Additional sensors (not shown) can be provided at various other locations for monitoring various other operating parameters and providing data to the control system 120. For example, sensors can be provided at one or more of the various stages of the compressor 205 and/or at various extraction valves in the compressor 205. Thus, data can be obtained for example, from a sensor in an extraction valve in stage 9 of the compressor 205 and from a sensor in an extraction valve in stage 13 of the compressor 205, and the control system 120 can use this data to modify the operation of the gas turbine 105 and/or other components of the combined cycle power plant 100 for achieving a desired efficiency. Modifying the operation of the gas turbine 105 can include modifying (closing, opening, partially opening etc.) of the various extraction valves, including, in some implementations, bypassing the combustor 215 and one or more sections of the turbine 220.

FIG. 4 shows an example graphical representation that illustrates a relationship between electrical power output and allowable exhaust temperatures of the gas turbine 105 that can be a part of the combined cycle power plant 100 in accordance with certain embodiments of the disclosure. Plot 405 indicates various minimum exhaust temperature readings versus electrical power output of the gas turbine 105 without the control system 120 providing any control actions such as would be the case in some traditional combined cycle power plants where various components are controlled independent of each other. In contrast, plot 410 indicates various maximum exhaust temperature readings versus electrical power output of the gas turbine 105 with the control system 120 providing control actions between data associated with plot 405 and data associated with plot 410 in accordance with various embodiments of this disclosure. As can be seen, the electrical power output along the sloping portion of the plot 410 is relatively higher than that provided by the plot 405 at various gas turbine power outputs, which translates to a relatively higher efficiency of operation.

FIG. 5 shows an example graphical representation that includes a plot 505 corresponding to a traditional schedule-based control system and a plot 510 corresponding to a model-based control configuration in accordance with an exemplary embodiment of the disclosure. The traditional schedule-based control system is typically a static model that is used to set various operating parameters of a combined cycle power plant in a static manner based on a rigid schedule and pre-determined factors. Some examples of pre-determined factors can include known information pertaining to load conditions such as for example, a high load condition during the day time followed by a turndown condition during night time. As a result of this arrangement, large margins have to be used to accommodate worst case swings in one or more of the pre-determined factors, thus causing the combined cycle power plant to operate with relatively low efficiency. Furthermore, in some cases, various control actions have to be executed by human operators, which can be prone to mistakes and oversights.
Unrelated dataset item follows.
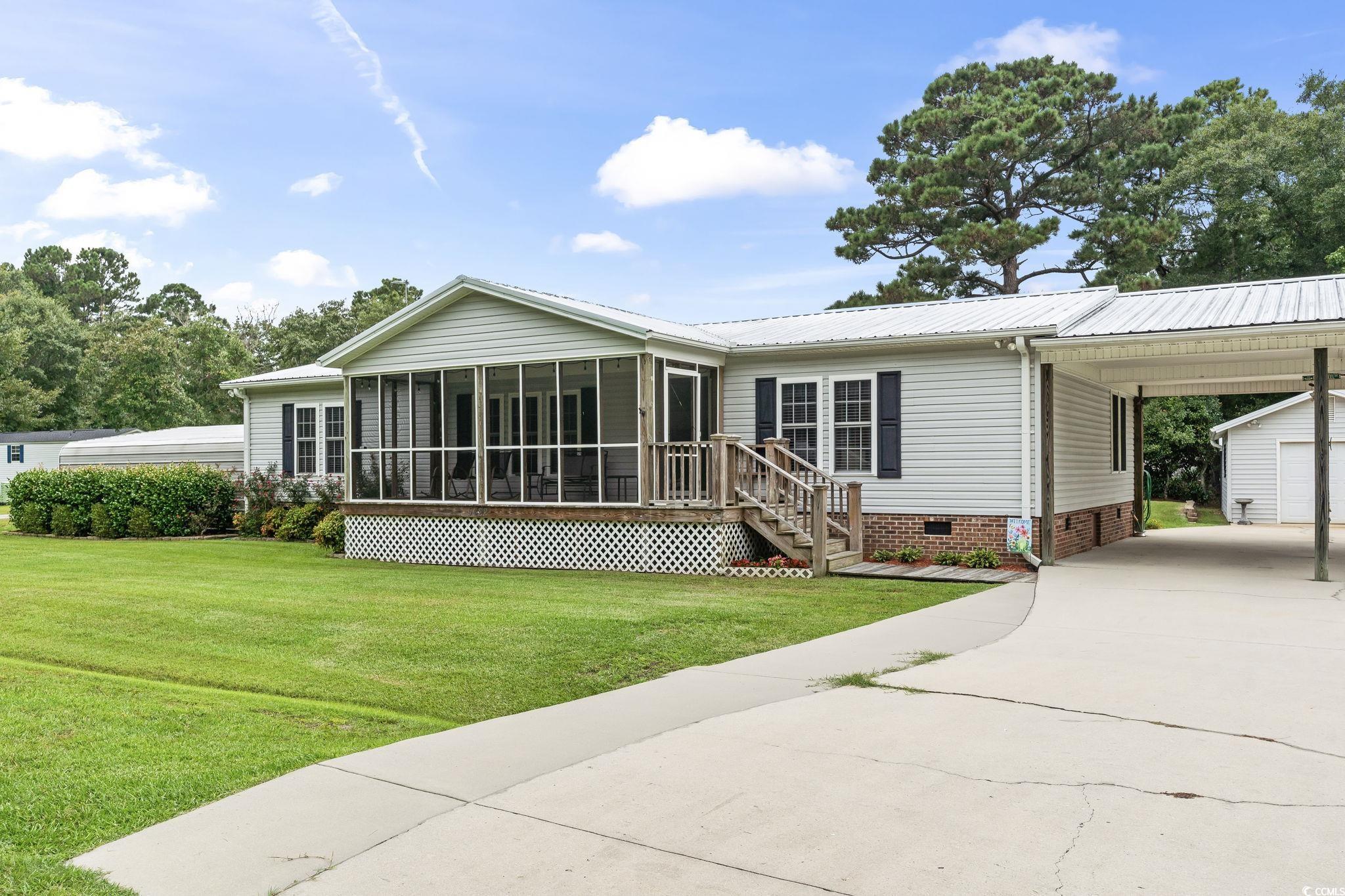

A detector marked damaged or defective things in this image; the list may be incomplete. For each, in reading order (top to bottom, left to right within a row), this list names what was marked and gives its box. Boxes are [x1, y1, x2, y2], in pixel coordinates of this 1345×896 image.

On the other hand, the model-based control configuration (plot 510) that is in accordance with an exemplary embodiment of the disclosure, is a real-time, dynamic model that can be used to set various operating parameters of the combined cycle power plant 100 in a fully-automated manner in response to real-time variations in operating conditions. Various control scenarios, some of which can be based on interactions between two or more components of the combined cycle power plant 100 can be determined ahead of time and incorporated into the control system 120 such that control actions carried out by the control system 120 upon one component does not cause adverse effects on other components. The various control scenarios allow the control system 120 to operate in an autonomous manner without the need for human intervention. The narrower bell curve nature of the plot 510 is indicative of the combined cycle power plant 100 operating with desired margins at a desired efficiency.
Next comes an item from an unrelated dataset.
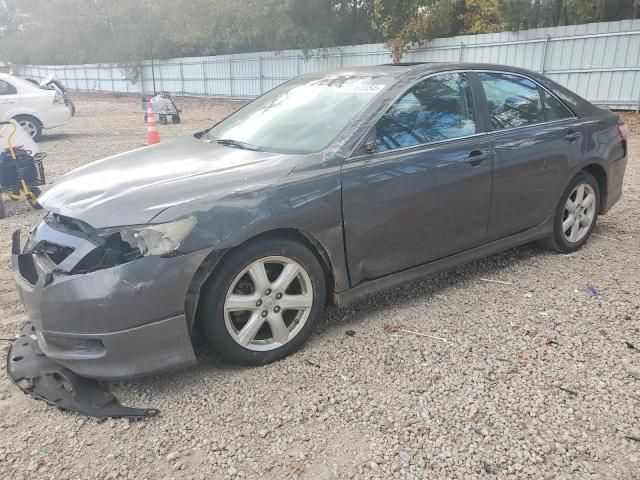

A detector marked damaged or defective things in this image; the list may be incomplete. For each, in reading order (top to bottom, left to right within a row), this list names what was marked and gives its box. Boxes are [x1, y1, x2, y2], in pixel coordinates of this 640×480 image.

broken headlight [98, 217, 195, 256]
damaged gray sedan [7, 62, 628, 416]
detached bumper piece [6, 322, 160, 420]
In one example implementation of the model-based control configuration, the control system 120 obtains sensor data from the various sensors and a determination is made (either automatically or based on human input) whether to set various operating parameters of the combined cycle power plant 100 to provide a desired efficiency at a particular load or to sacrifice a certain level of efficiency in order to determine the lowest level of turndown that can satisfy emissions compliance. Accordingly, a model-based algorithm can be used in the control system 120 to set limits on various operating parameters of the combined cycle power plant 100. The various operating parameters can include one or more of the following: steam temperature, exhaust gas temperature, steam saturation point, superheat and/or reheat temperature level in the heat recovery steam generator 110, superheat and/or reheat outlet saturation point in the heat recovery steam generator 110, attemperator valve position, combustion dynamics in the gas turbine 105, and emissions levels for various exhaust gases such as nitrous oxide and carbon monoxide. The various elements that can be operated by the control system 120 for setting these various operating parameters can include the spray 308 in the attemperator 230 and various extraction valves in the gas turbine 105 (such as extraction valves in stages 9, 13 and/or 18 of the compressor 205).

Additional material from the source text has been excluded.